Ontario Expanding Safe Use Of Biosimilars

Transitioning to biosimilars will allow province to invest in and improve access to medicines

Ontario is joining several other provinces and territories by expanding the use of biosimilar drug treatments for Ontarians. Starting March 31, 2023, Ontario Drug Benefit (ODB) recipients who are on an originator biologic will begin to transition to a Health Canada approved biosimilar version of the drug at no cost.

“Ontario is joining other provinces and territories in the country by expanding the use of safe and effective biosimilar drugs,” said Sylvia Jones, Deputy Premier and Minister of Health. “Patients will continue receiving the same high-quality treatment, while allowing the government to fund more new drug therapies, bring innovation to the health care system and continue its work to deliver better, connected patient care.”

Patients and health care providers can be confident that the quality, safety and patient benefits of the biosimilar are highly similar to the biologic drug. Biosimilars undergo the same robust and rigorous approval process by Health Canada and to be approved in Canada, a biosimilar must be proven to be highly similar, with no clinically meaningful differences in terms of safety and efficacy.

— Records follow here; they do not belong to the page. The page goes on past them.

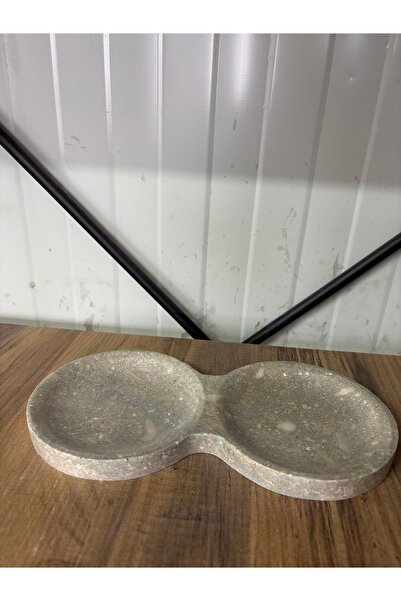 ERŞATIRTAŞ Μαρμάρινη βάση καφέ με δύο πράσινα μάτια, μοντέρνα από φυσική πέτρα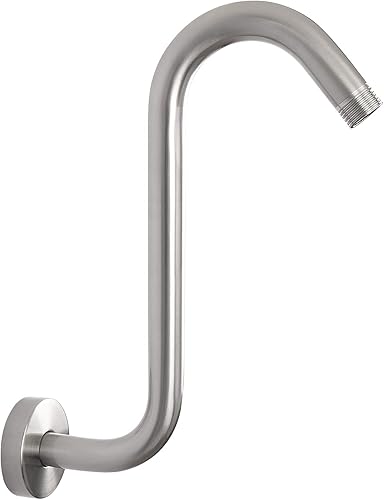 Miniatura 9 de Nearmoon Tubo elevador de cabezal de ducha en forma de S, brazo extensor de cabezal de ducha con brida, conexión estándar de 12 pulgadas, accesorio
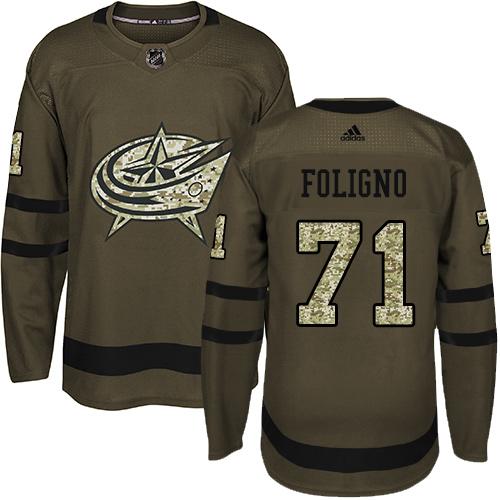 Adidas Blue Jackets #71 Nick Foligno Green Salute to Service Stitched NHL Jersey Adidas Blue Jackets #71 Nick Foligno Green Salute to Service Stitched NHL Jersey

Ontarians receiving coverage under the ODB program for Copaxone, Enbrel, Humalog, Humira, Lantus, NovoRapid, Remicade, and Rituxan, will be required to transition to the biosimilar version by December 29, 2023. During the transition period between March 31 and December 29, 2023, patients are encouraged to discuss a transition plan with their health care provider through in-person, telephone or virtual visits. Exemptions will be considered for patients in certain clinical circumstances on a case-by-case basis in consultation with their health care provider.

Ahead of the transition period starting on March 31, 2023, the ministry will continue to work with partners, including physicians, pharmacists and manufacturers, to ensure a smooth and successful transition. This switch will allow Ontario to invest more in new and innovative drug treatments and continue to grow the roster of publicly funded life saving drugs.

Quick Facts

• Biosimilars have been used in the European Union for more than 15 years and Ontario is the eighth Canadian jurisdiction to expand the use of biosimilar medications, following British Columbia, Alberta, New Brunswick, Quebec, Northwest Territories, Nova Scotia and Saskatchewan.
• Biologics are drugs made with living organisms (e.g., yeast or animal cells), rather than being synthetically manufactured, and are often used to treat patients with chronic health conditions such as rheumatoid arthritis, inflammatory bowel disease, and diabetes. An originator biologic is the first version of a biologic drug.
• Biosimilars are biologic drugs that enter the market after the patents or data protection rights for the originator biologic expire, have similar effectiveness, safety, and quality as the originator biologic and have been approved for use in Canada by Health Canada.